Though the Kubrick version changed several elements of King's book (to the disappointment of King devotees), it's held up well. Its scariest scene may be one of the most mundane in horror film history: the moment when Duvall examines the book that Nicholson has been working on for several months, and sees just what he has written ...
"The Exorcist" by William Peter Blatty. If "Dracula" has been the inspiration for almost every vampire book and movie to come down the pike, then Blatty's 1971 bestseller -- or, specifically, the 1973 movie it produced -- has been the model for almost every devil-related work to follow (Ira Levin's "Rosemary's Baby" notwithstanding).
Regan MacNeil is the adolescent daughter of an actress living in Washington while filming a movie. A Ouija board fan, she's possessed by a demon that had been unleashed from an Iraqi archeological dig.
After putting her daughter through a battery of physical tests that turn up nothing, Regan's mother contacts Father Damien, a priest going through his own crisis of the soul. Father Damien assists Father Merrin, the old exorcist who accidentally freed the demon at the beginning of the book. Together, the two battle the demon at the risk of their own lives.
Blatty was a comedy screenwriter at the time he wrote "The Exorcist." (Among his credits: "A Shot in the Dark," the 1964 Pink Panther film.) But Hollywood stopped calling, so he took the story of a 1949 Maryland exorcism he recalled from college and turned it into a novel.
Ironically, that put him in Hollywood's spotlight again, and he later won an Oscar for the movie version's screenplay. His succeeding novels, including "Legion" and "The Ninth Configuration," have mined similar territory.
The short stories of Edgar Allan Poe. In such works as "The Fall of the House of Usher," "The Cask of Amontillado" and "The Tell-Tale Heart," Poe's protagonists often appeared on the edge of insanity -- and 19th-century readers had never been so rattled.
Not all Poe's work is so horrific. He was an accomplished poet, and several of his poems suggest love and longing as opposed to doom and disaster. He also created the modern detective story, featuring sleuth C. Auguste Dupin, who solved crimes with logic and analysis. But the short stories remain his most popular legacy.
Poe did not have a happy life. An alcoholic and a gambler whose parents died before he was 3, he had a poor relationship with his foster father, struggled constantly with debt, and lost his beloved wife to illness when she was 24. No doubt some of his black moods worked their way into his stories, which -- combined with his febrile imagination -- remain horror touchstones to the present day.
"The Haunting of Hill House" by Shirley Jackson. Lonely and bitter Eleanor Vance is invited by a paranormal researcher, Dr. John Montague, to join him and some companions at Hill House, a haunted mansion. Vance has some psychic powers, and soon is involved in a high-stakes mental game with the house -- with which she has an odd affinity.

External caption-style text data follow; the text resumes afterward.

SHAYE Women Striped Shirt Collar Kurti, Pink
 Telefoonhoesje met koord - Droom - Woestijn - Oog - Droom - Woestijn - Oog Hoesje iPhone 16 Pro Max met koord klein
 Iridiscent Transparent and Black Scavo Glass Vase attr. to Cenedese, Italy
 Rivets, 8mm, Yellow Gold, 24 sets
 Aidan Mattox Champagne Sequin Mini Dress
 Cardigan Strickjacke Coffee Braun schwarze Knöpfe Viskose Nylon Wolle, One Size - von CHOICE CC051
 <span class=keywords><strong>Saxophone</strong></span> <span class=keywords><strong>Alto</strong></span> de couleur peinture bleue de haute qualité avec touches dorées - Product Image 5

Even today, horror writers find their work marginalized, featured in lowbrow magazines and marketed with distasteful covers. But Jackson, who wrote from the '40s to the '60s, was an exception. Her stories were often published in The New Yorker, and carried with them a "literary" cachet. Her best-known work, "The Lottery" (1948), remains a staple of high school reading lists.
"Hill House" came out in 1959. As one critic noted, "the evil in the book is developed to the point of winning the conflict; there is no happy ending for the heroine, because her character is too weak for the battle. She does not choose madness, but is overwhelmed by it." Not a pretty picture, but one that has entranced readers ever since.
Some runners-up titles deserve mention in this list of horribles. Among them were several other Stephen King novels, particularly "Pet Sematary"; Henry James' "The Turn of the Screw"; Jay Anson's "The Amityville Horror"; and various works by H.P. Lovecraft.
All would make excellent choices if you find yourself on Halloween night with nothing to do. And remember: That's just a twig breaking.